Monday, March 20, 2006

Data mining for prediction vs. explanation

A colleague of mine and I have an ongoing discussion about what data mining is about. In particular, he claims that data mining focuses on predictive tasks, whereas I see the use of data mining methods for either prediction or explanation.

Predictive vs. Explanatory Tasks
The distinction between predictive and explanatory tasks is not always easy: Of course, in both cases the goal is "future actionable results". In general, an explanatory goal (also called characterizing or profiling) is when we're interested in learning about factors that affect a certain outcome. In contrast, a predictive goal (also called classification, when we have a categorical response) is when we care less about "insights" and more about accurate predictions of future observations.

In some cases it is very easy to identify an explanatory task, because it simply doesn't make any sense to predict the outcome. For example, we might be looking at performance measures of male and female CEOs, in an attempt to understand the differences (in terms of performance) between the genders. In this case, we would most likely not try to predict the gender of a new observation based on their performance measures...

In most cases, however, it is harder to decide what the task is. This is especially because of the ambiguity of problem descriptions. People will say "I'd like you to use these data to see if we can understand the factors that lead to defaulting on a loan, so that we can predict for new applicants their chance to default". Since it is detrimental for the analysis to know the type of task (explanatory vs. predictive) is requires, I believe the only way out is to try and squeeze it out of the domain person by questions such as "what do you plan to do with the analysis results?" or "what if I found that..."

Here's an example: A marketing manager at a cable company hires your services to analyze their customer data in order "to know the household-characteristics that distinguish subscribers to premium channels (such as HBO) from non-subscribers." Is this a predictive goal? explanatory? It depends! Here are possible scenarios of what they will use the analysis for:
1. To market the premium channel plan in a new market only to people who are more likely to subscribe (predictive)
2. To re-negotiate the cable company's contract with HBO based on what they find (explanatory) -- this scenario is courtesy of a current MBA student

How will the analysis differ?
Whether the goal is predictive or explanatory, the analysis process will take different avenues.
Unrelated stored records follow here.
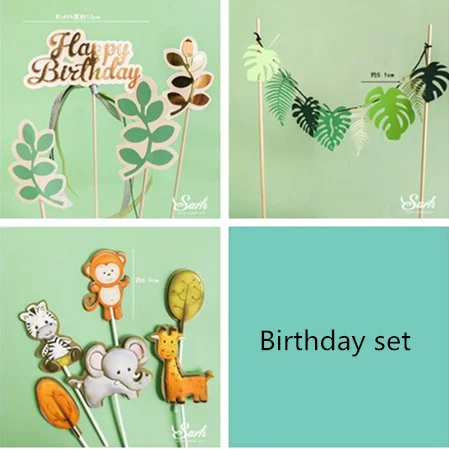 Birthday toppers set Украшения в виде слона, животных, украшения для торта с днем рождения, золотые украшения для детского дня рождения, вечерние принадлежности для мальчиков и девочек, сладкие подарки для выпечки - Цвет: Birthday toppers set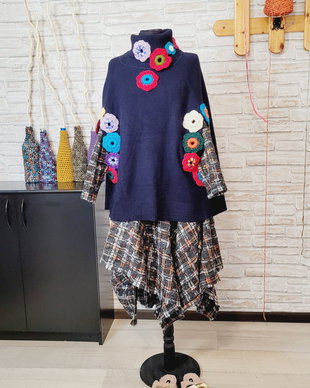Poncho,capa cu flori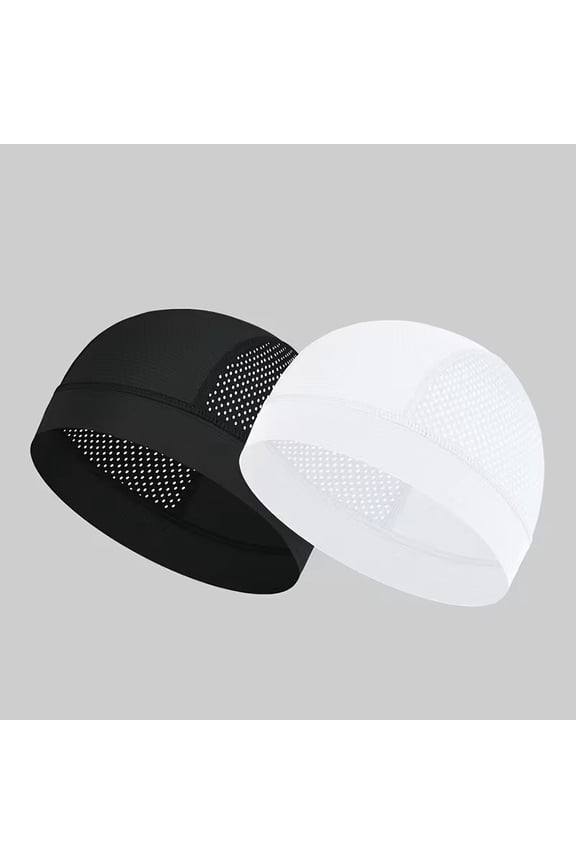 2-Pack Summer Outdoor Cycling Breathable Ice Silk Lined Cap High Elasticity Sweat Absorbing Lightweight Mesh Headscarf for Running Hiking Fishing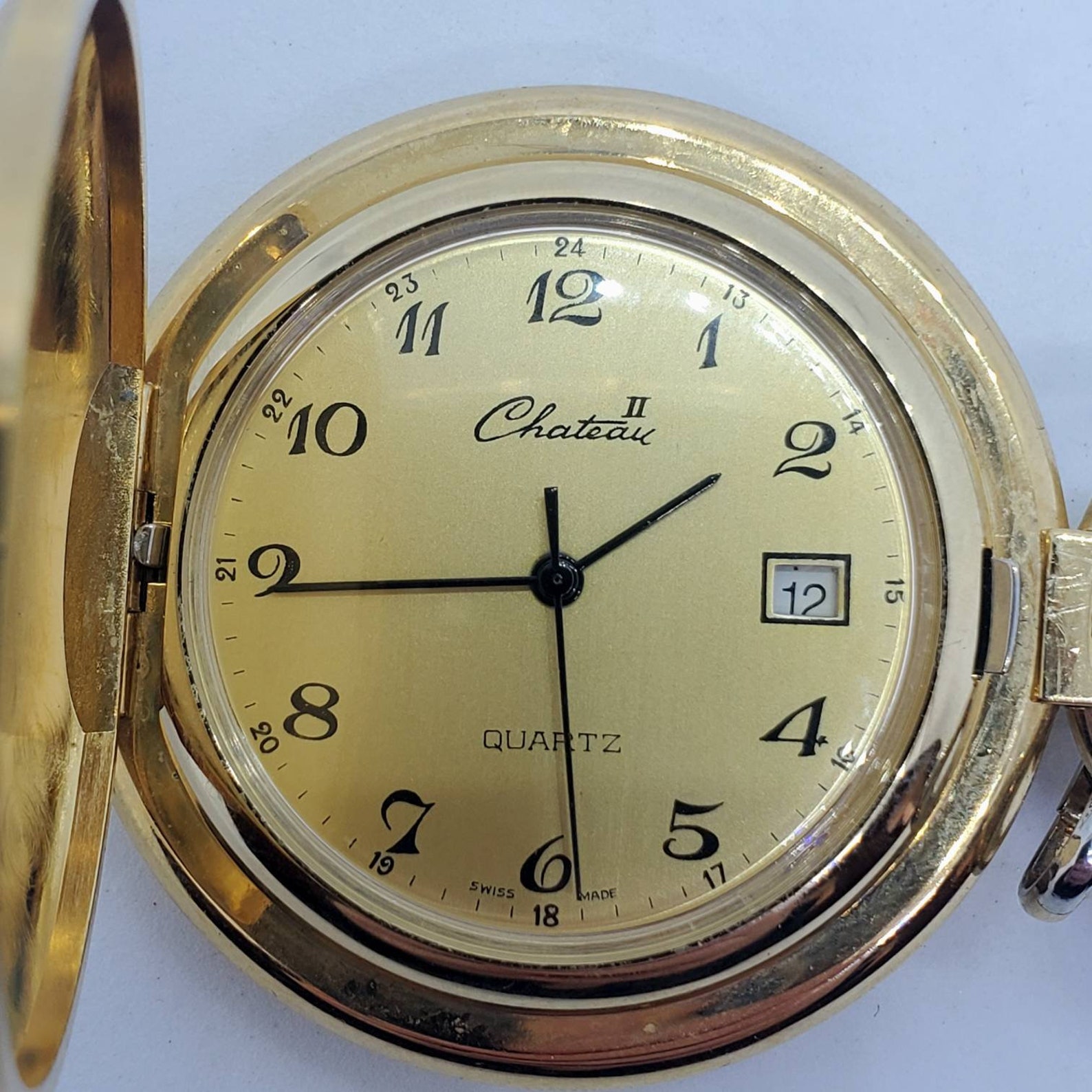 Vintage Chateau Pocket Watch Gold Tone With Chain Etsy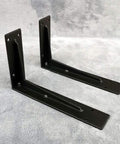Heavy Duty Wall Mount Floating Shelf Brackets Right Angle Corner Iron L Brackets, set of two, 23x13 inches, rust resistant finish.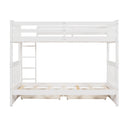 Twin-Over-Twin Bunk Bed with Ladders and Two Storage Drawers (White)(OLD SKU:LT000265AAK)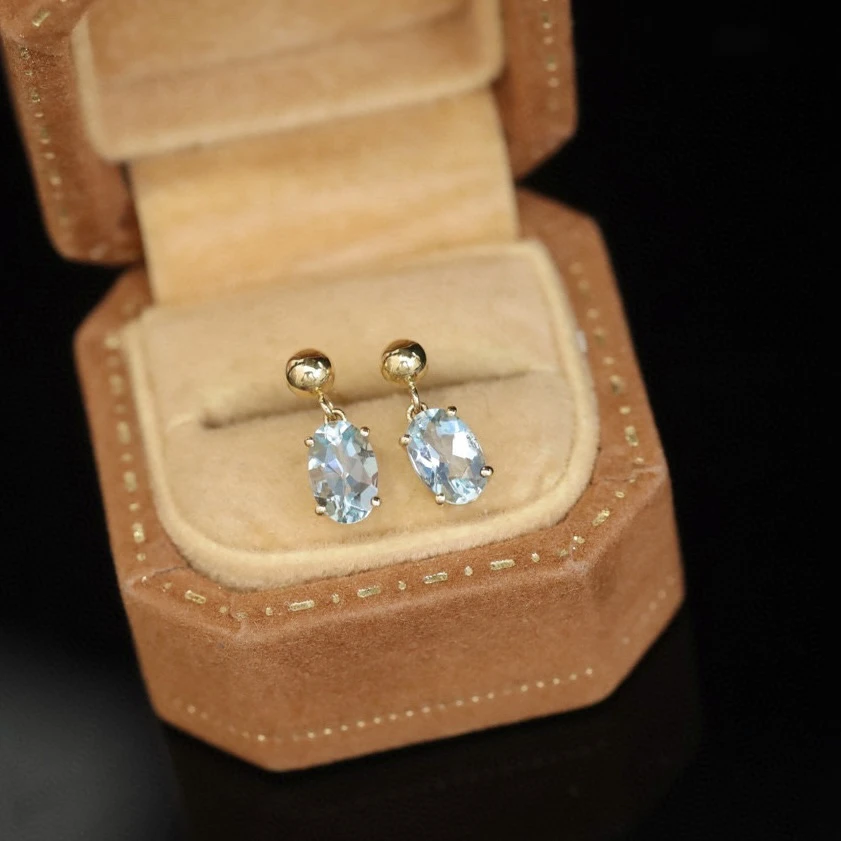 哈喽麦兜 18k金海蓝宝石提溜灵动耳钉 清新可爱百搭简约轻奢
This includes what performance measures are devised and used (e.g., to partition or not to partition? use an R-squared or a MAPE?), what types of methods are employed (a k-nearest neighbor won't have much explanatory power), etc.


Ravi Bapna said...

so is overfitting more of a concern when trying to predict, or should we be worried about it also in an explantory setting?

corollary: is there a scenario where you would partition the data in the process of developing an explanatory model, or does that only come into play in a prediction setting?

ravi b.

Galit Shmueli said...

That's a very good point. In short, yes, it is more of a concern in predictive modeling because it might be harder to spot. But here's a longer answer:

In an explanatory task overfitting means finding relationships that are just due to noise. But we do have some statistical test to avoid that: since we use methods that shed light on the relatioship between the response and predictors (e.g., regression), overfitting can be avoided by

(1) examining measures such as adjusted-R-squared or p-values of additional predictors, which penalize for the model complexity in an attempt to avoid overfitting (better known, perhaps, as the principle of parsimony, or Occam's Razor).

(2) Sometimes it is possible to use domain knowledge to decide whether the model is over-fitting. An example is that a person's name shows up as a significant predictor of their income...

A major issue is the data size, which is usually much bigger in predictive tasks, thereby rendering standard statistical tests (and p-values) meaningless.

In contrast, in predictive modeling we use performance measures such as MAPE and RMSE over R-squared or p-values, because the end goal is to accurately predict new observations (and especially when the data are large). If we overfit, we'll likely get low predictive accuracy. Given that many predictive methods do not shed any light on the relationship between the response and predictors (e.g., k-nearest-neighbors or Naive Bayes), you cannot really use domain knowledge to avoid overfitting that easily.

Finally, predictive models are often deployed in an automated way: once the model is built, it is deployed multiple times to score (large) databases. Overfitting is then a real concern.

Data partitioning is used especially in predictive modeling because of the need for a platform to evalutate predictive accuracy. In an explanatory task you might partition the data to evaluate model robustness: does the same model fit the training and validation set? Do the parameters drastically change? Is it influenced by outliers? etc.

Galit Shmueli said...

Thanks Hans-Joerg for the philoshophical angle - this definitely further supports the distinction.